Saat Bianca bertanya dirinya dari mana saja, Alina hanya menjawab ada keperluan diluar. Jadi ini keperluannya? Pikir Bianca.

Melihat keterdiaman Bianca, membuat Alina menyenggol lengan Bianca. "Bi? Aku lagi cerita loh, kok kamu diem aja? There is a problem?"

Bianca pun akhirnya tersadar dari lamunannya karena teguran Alina. "Ah, gak ada, Al. B-bagus dong kalo kamu lagi deket sama seseorang, itu artinya kamu sudah berdamai dengan perasaan kamu sebelumnya, iya, kan? ucap Bianca terbata-bata karena ia harus mengontrol hatinya yang merasa sakit.

"Iya, sih. Tapi aku takut gagal lagi, Bi," ucap Alina diselingi nada kecewa.

"Kan kamu belum coba, Al.

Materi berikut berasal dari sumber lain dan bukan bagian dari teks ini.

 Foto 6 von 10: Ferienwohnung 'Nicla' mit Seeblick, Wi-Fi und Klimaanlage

Gak semua orang sama, kali aja kamu berhasil dengan yang ini. Lagian masih dalam tahap pendekatan, kan? Kalo gak cocok kamu bisa cari lagi," ucap Bianca enteng.

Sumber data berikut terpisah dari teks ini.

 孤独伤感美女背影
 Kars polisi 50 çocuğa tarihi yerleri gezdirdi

Alina pun menoyor kepala Bianca pelan. "Kamu pikir segampang itu,"

Bianca pun terkekeh. "Ya aku kan gak tau. Tapi bagaimana dengan Miel? Dia gak keberatan kalo kamu going on a date with a guy?"

"Aku pikir dia gak masalah. Dia belum mengerti apa-apa, bahkan sekarang fokus dia cuma sekolah dan main sama kamu,"

"Haha, kamu benar,"

"Jangan terlalu manjain dia, Bi, kali-kali kamu boleh kok marahin dia kalo dia emang nakal,"

"... Dulu kurang lebih nasib aku juga sama kayak Miel, orang tua aku pisah saat aku seusianya. Papah aku nikah lagi lalu dia tinggal di luar negeri dengan keluarga barunya. Lalu setelah kepergian papah, mamah aku akhirnya kerja, lalu aku dititipkan dengan nenek dari mamah aku, karena mamah gak punya uang untuk bayar pengasuh." ucap Bianca terjeda. Matanya kini sudah menatap ke arah langit, seakan menerawang jauh ke belakang.

"Aku ingat, aku selalu senang tiap kali ada yang mengajak aku main. Paling tidak itu mengurangi rasa sedih aku untuk sementara waktu, karena kepergian papah dan kesibukan mamah aku. Jadi sampai sini kamu paham kan, Al, kenapa aku selalu meluangkan waktu aku untuk bermain sama Miel sesibuk apapun aku? Itu karena aku merasakan apa yang Miel rasakan. Aku gak mau Miel merasa kesepian,"

Alina menganggukan kepalanya dengan mata yang menatap Bianca sendu. "Lalu dimana sekarang orang tua kamu?"

"Mamah aku meninggal saat aku SMA. Sedangkan papah, aku gak tau deh dia dimana, karena aku benar-benar gak pernah ketemu dia lagi setelah kepergiannya itu,"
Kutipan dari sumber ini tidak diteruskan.